There are various interfaces available to capture video that are compatible with the Jetson boards. Among the options are MIPI CSI, USB, SLVS, GMSL, and FPD-Link. There are multiple manufacturers that provide cameras for the Jetson platform boards, such as Sony, OmniVision, and OnSemi.

Some applications require the use of many cameras. In such cases, special hardware and software is required. One example is D3 Engineering’s daughter board (Figure 6) that attaches to the Jetson AGX Xavier to get up to 16 FPD-Link III working cameras using RidgeRun‘s camera drivers. For more information, see the demo, RidgeRun D3 NVIDIA Partner Showcase Jetson Xavier Multi-Camera AI Demo.

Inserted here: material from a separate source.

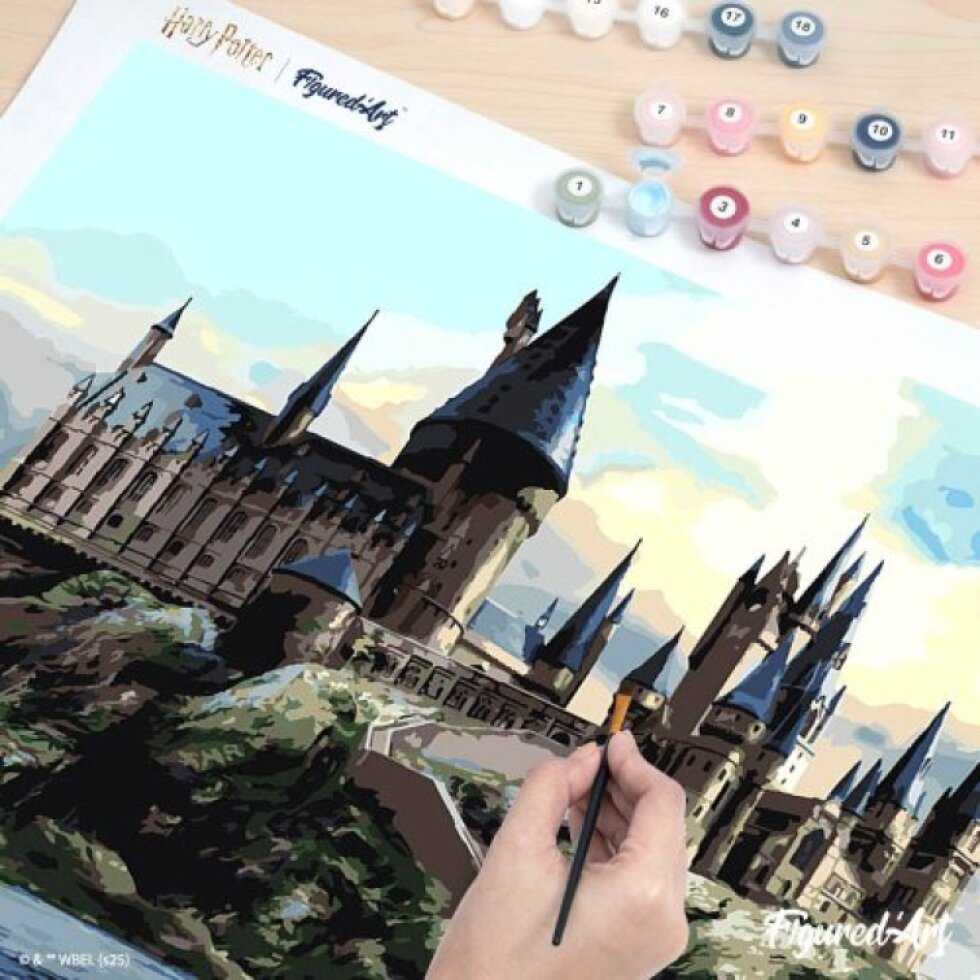 Malování podle čísel - HARRY POTTER - BRADAVICKÝ HRAD 40 x 50 cm bez rámu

Snapview photo of D3 Engineering expansion module to connect 16 FPD-Link  cameras to a Jetson Xavier
Figure 6: D3 Engineering hardware for 16 FPD-Link III cameras on Jetson AGX Xavier.

In this media server example, you use two cameras: a MIPI CSI and an USB camera. Here’s a look at the capture pipeline for the USB camera:

client.pipeline_create('camera0', 'v4l2src device=/dev/video0 ! \ video/x-raw,format=YUY2,width=1280,height=720 ! \
interpipesink name=camera0 forward-events=true forward-eos=true sync=false')

The client object is the GstD client instance that you use to control the media server pipelines.

Use the pipeline_create command with the pipeline name and description as arguments. This camera0 pipeline uses the v4l2src element to capture from the USB camera, with the device property set to /dev/video0 in this case. This property must be set according to the video devices arrangement in each board. Make the USB camera capture available through an interpipesink instance called camera0.

Now, consider the camera1 pipeline used to capture from the CSI MIPI camera:

client.pipeline_create('camera1', 'nvarguscamerasrc ! nvvidconv ! video/x-raw,format=I420,width=1280,height=720 ! queue ! interpipesink name=camera1 forward-events=true forward-eos=true sync=false')

To capture from this sensor, use the nvarguscamerasrc element, the NVIDIA video capture proprietary element that uses libargus underneath. The CSI MIPI camera video stream is made available through the interpipesink instance called camera1.

Video processing and AI

The video processing block is composed of two functional units. One oversees adapting and modifying the properties of a captured video buffer (video processing) and the other one of turning raw streaming data into actionable insights (AI processing).

Video processing

Often, the raw camera video stream requires some format changes to be used by other modules. These changes could be related to the framerate, resolution, colorspace, or the memory type used to allocate the buffers.

To perform these operations, you can take advantage of NVIDIA’s hardware accelerated GStreamer elements. For instance, consider the camera0_rgba_nvmm and the camera1_rgba_nvmm pipelines, each of them listening to their respective cameras. The nvvideoconvert element is used to perform color space and memory conversion and memory simultaneously:

client.pipeline_create('camera0_rgba_nvmm', 'interpipesrc listen-to=camera0 ! video/x-raw,format=YUY2,width=1280,height=720 ! videoconvert ! video/x-raw,format=NV12,width=1280,height=720 ! nvvideoconvert ! video/x-raw(memory:NVMM),format=RGBA,width=1280,height=720 ! queue ! interpipesink name=camera0_rgba_nvmm forward-events=true forward-eos=true sync=false caps=video/x-raw(memory:NVMM),format=RGBA,width=1280,height=720,pixel-aspect-ratio=1/1,interlace-mode=progressive,framerate=30/1')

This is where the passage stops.